More families are letting go of the traditional role of dad as the breadwinner, according to the convention’s organizers.
“Fathers choosing to be the primary caregivers of their children have grown from a rarity 13 years ago to the fastest growing trend in parenting today,” they wrote on the event’s Web site.
“At-home dads generally choose this role and therefore are hungry for knowledge on how to raise their kids better and manage their households more efficiently.”
According to 2008 statistics from the U.S. Census Bureau, about 140,000 married fathers with children under 15 have remained out of the labor force for more than a year so that they can care for their family while their wives work outside the home.
While some fathers stay home as a result of unemployment and the recession, many, including Wiser, have always made time with their children a priority.
“I want to spend quality time with them and see them grow up,” said Wiser, father to 5-year-old Olivia and 2-year-old Allie.
After the birth of his first child, the decision to stay at home was an easy one for Wiser.
He was tired of traveling four days a week, 40 weeks a year, as a business consultant. His wife, Deborah Wiser, was in medical school at the time. Now she sometimes works as many as 60 hours a week as a general practice physician.
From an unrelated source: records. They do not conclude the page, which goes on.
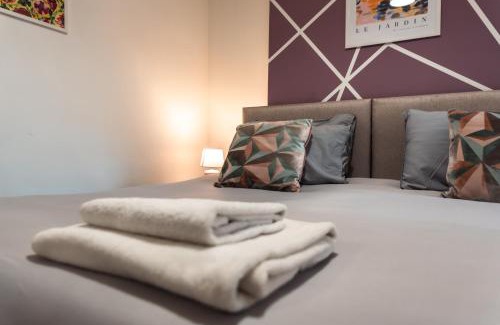 Southampton House | Trendy 4 Bedrooms-Sleeps 8-Long Term Disc-Driveway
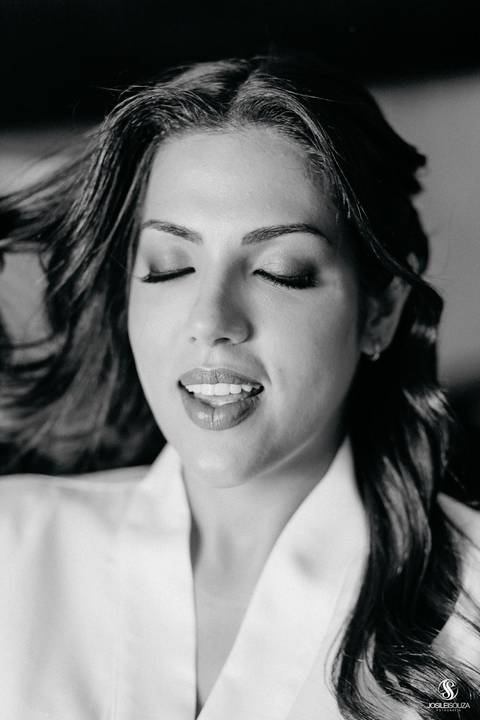 Fotografia do making Of da noiva na Praia de Camboinhas'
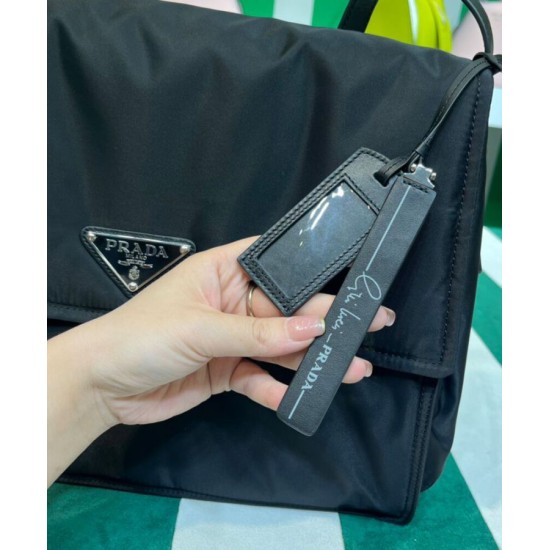 Replica Borsa a tracolla imbottita grande Prada Re-Nylon 1BD256 Nera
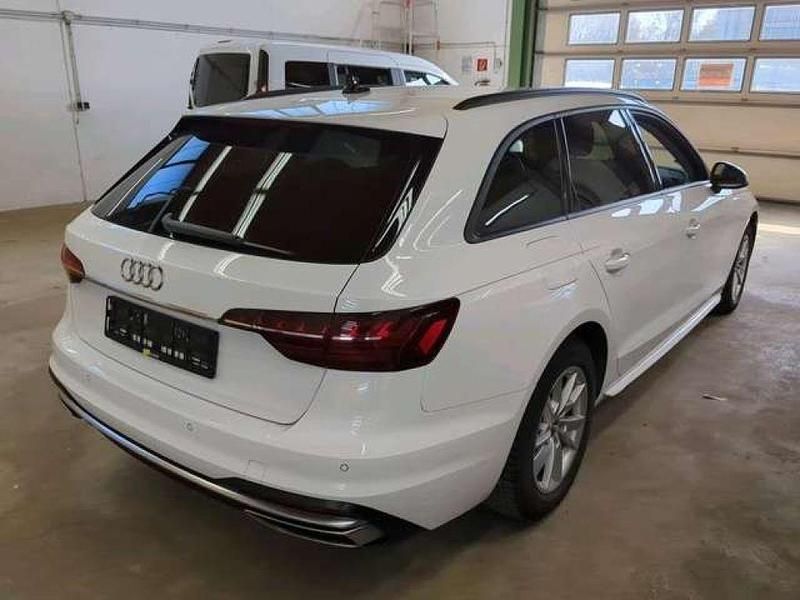 Gebraucht Audi A4 204 PS (150 kW) 2023 Ibisweiß Kombi
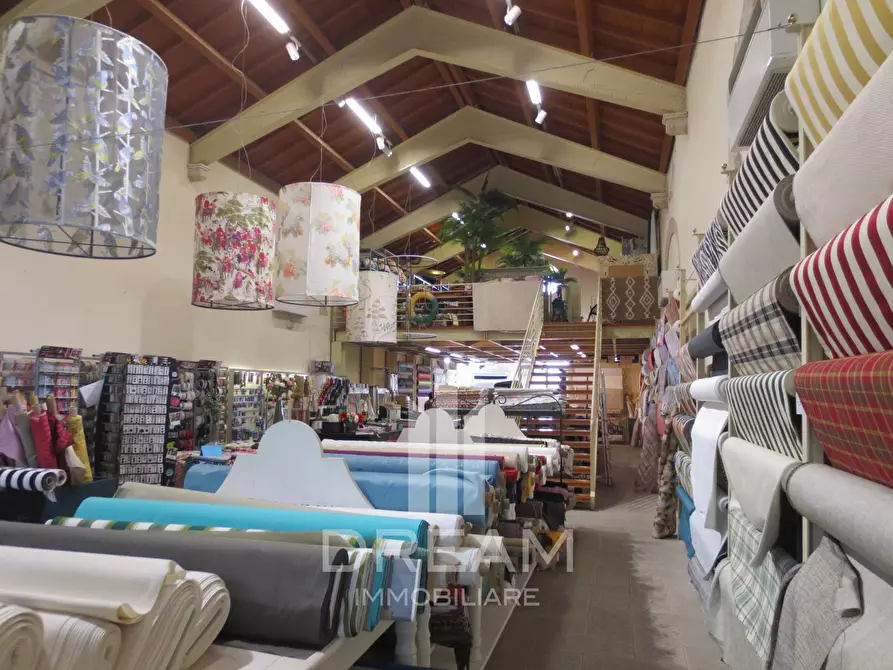 Immagine 5 di Locale commerciale in affitto  in Viale Trieste a Cagliari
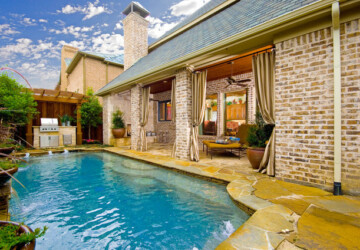 20 Amazing Pool Design Ideas for Your Small Backyard Area - small backyard pools, small backyard, pool design, pool, backyard design, backyard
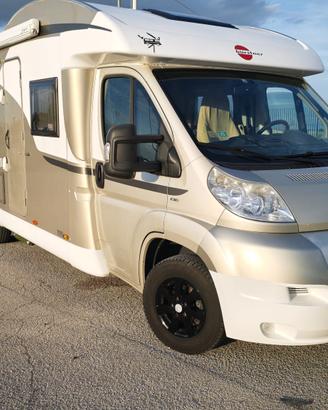 camper semintegrale con letto basculante 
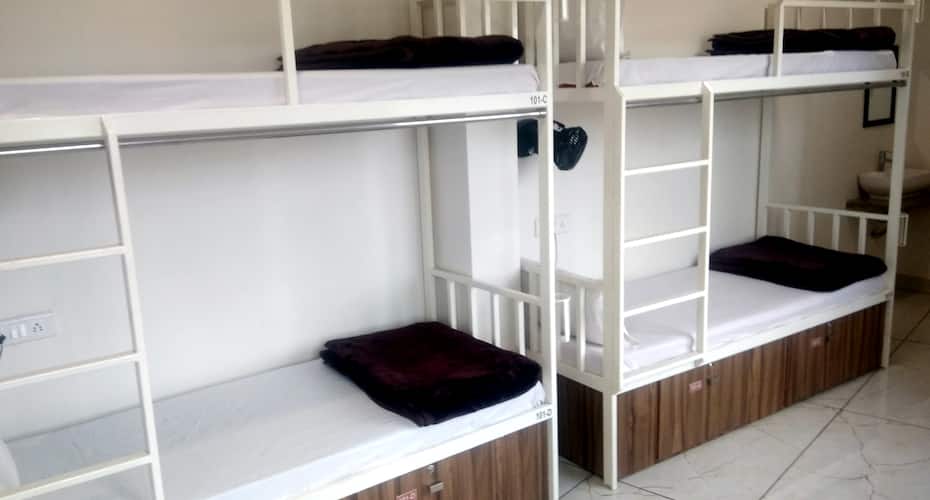 Hotel Milan, Ahmedabad 4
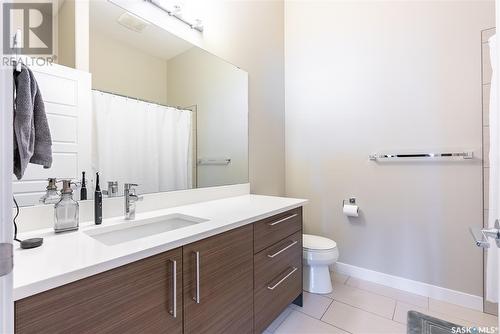 307 502 Perehudoff Crescent, Saskatoon, SK - Indoor Photo Showing Bathroom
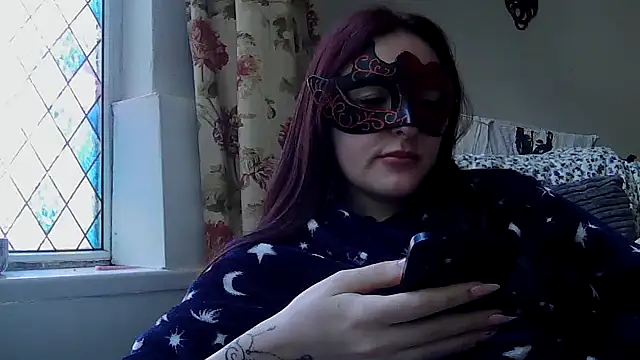 LexiSnowUK online show from April 28, 2026, 8:52 am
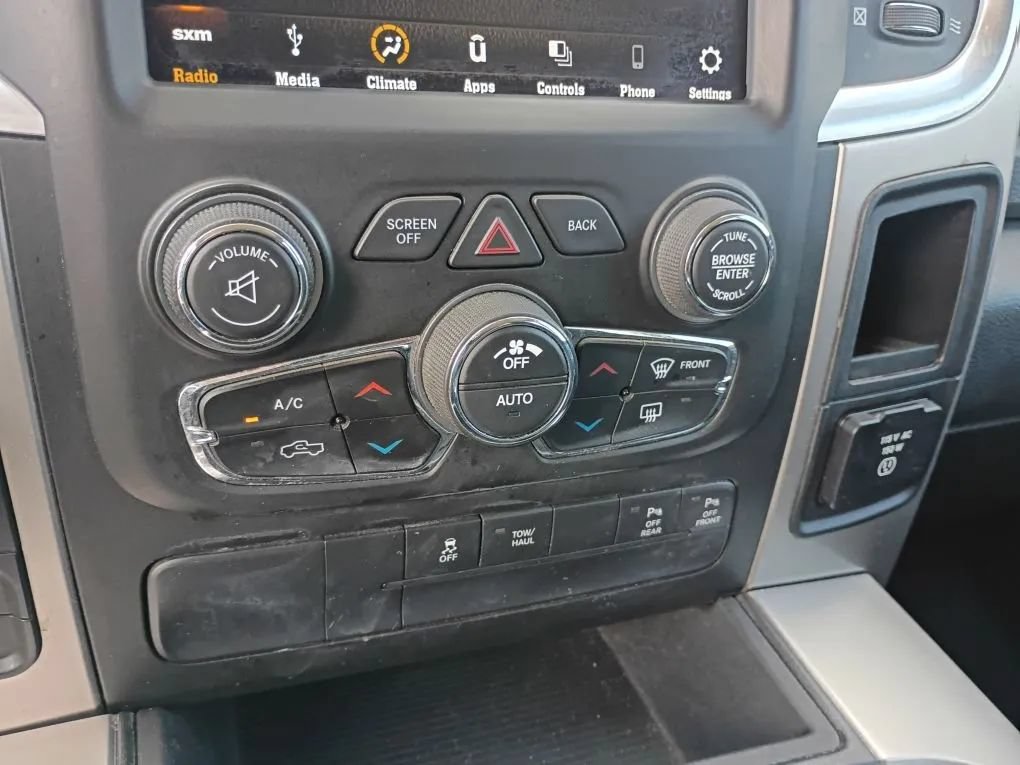Used 2019 RAM 1500 Lone Star AWD/4WD image 12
So in 2004, the family moved from Chicago to Spokane, where Mike Wiser spent his childhood and where he could also count on the support of his parents and other relatives.
That first year, he worked part-time by continuing to do some consulting work for his former employer. He also helped start a small business, which he sold to his partner.
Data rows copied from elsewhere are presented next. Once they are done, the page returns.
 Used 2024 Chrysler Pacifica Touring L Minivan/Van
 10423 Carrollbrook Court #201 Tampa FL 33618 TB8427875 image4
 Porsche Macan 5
Last year, Wiser, 37, decided it would be best for his family to take a break from the professional world and devote all his time to the kids.
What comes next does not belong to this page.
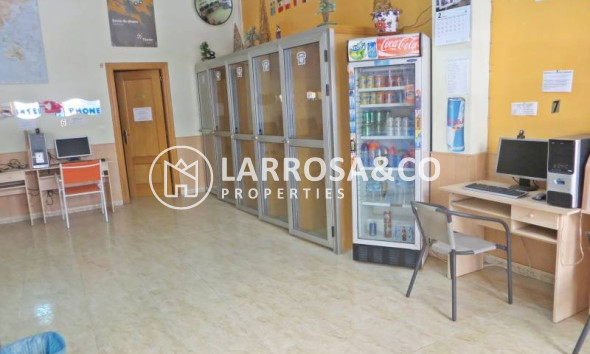 A Vendre - Commercial space - Torrevieja - Centro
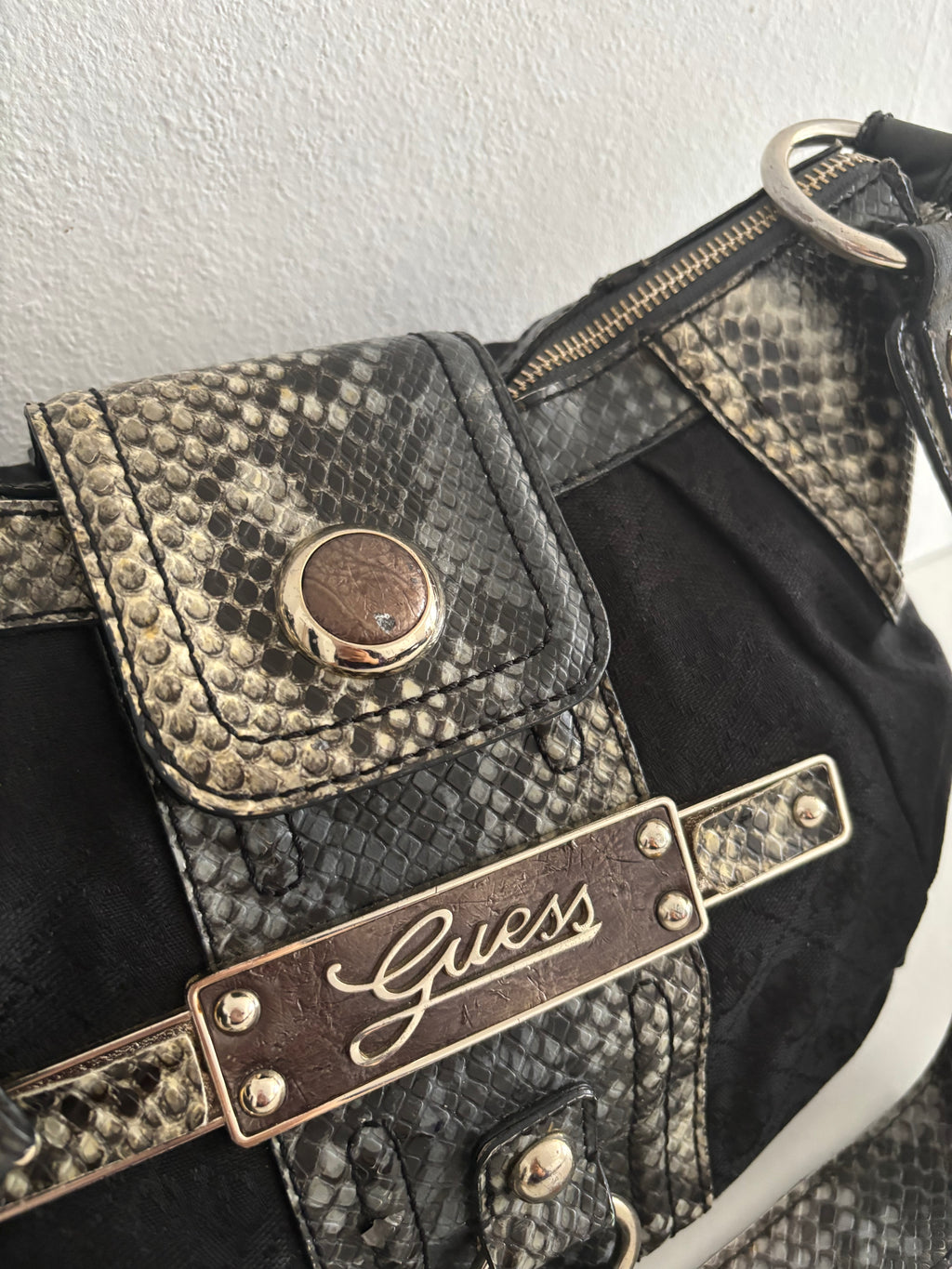 Guess bag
“It was an exciting decision,” he said. “Family support overall makes this whole thing work for me, and I’m very lucky to have it.”
While most people he encounters are curious and encouraging about his decision to stay at home with his daughters, Wiser still occasionally runs into people who assume he’s merely “baby-sitting” for the day.
He also meets people who wonder if his life is like a scene out of “Mr. Mom,” the 1983 comedy in which a stay-at-home dad muddles through life as he cares for three children.
“It’s a little bit less chaotic,” he said.
Wiser spends a lot of time playing with the kids, but he also has to do laundry, the dishes and other chores. Every day, he tries to organize at least one activity – whether it’s going to the preschool co-op, running errands, or meeting the other dads for a play date.
“To stay sane, I have to get us out of the house,” he said.
His challenges are perhaps no different than any other parent who chooses to be the primary caregiver. He cleans. He cares for the kids. When 5 p.m. rolls around, he thinks about making dinner.
“Dads that stay home tend to be more laid back,” he explained. “If you put your career and your own success first, you probably wouldn’t stay home in the first place.”
While he values the time he spends with his daughters, Wiser also can’t help but worry about his chances of finding a job once his children get a little older and start attending elementary school.
Whether you’re a mom or dad, it’s sometimes hard to return to the work force after taking a long break, he said. Staying at home with kids creates an inevitable gap in a resume and Wiser worries that employers might discount his talents and previous experience.
He also wishes he could contribute to his family’s income, so that his wife doesn’t have to work so much.
Despite these qualms and uncertainties about his career, Wiser said he has no regrets about his decision to quit his job and become the primary caregiver. He not only has bonded with the girls, he said, but he also has learned a lot about himself.
Every day he encounters new parenting challenges, but the work is also fun and rewarding.
“They’re good girls and they almost always try to do the right thing,” he said. “My patience is tested a lot, but I get to spend real quality time with my kids.”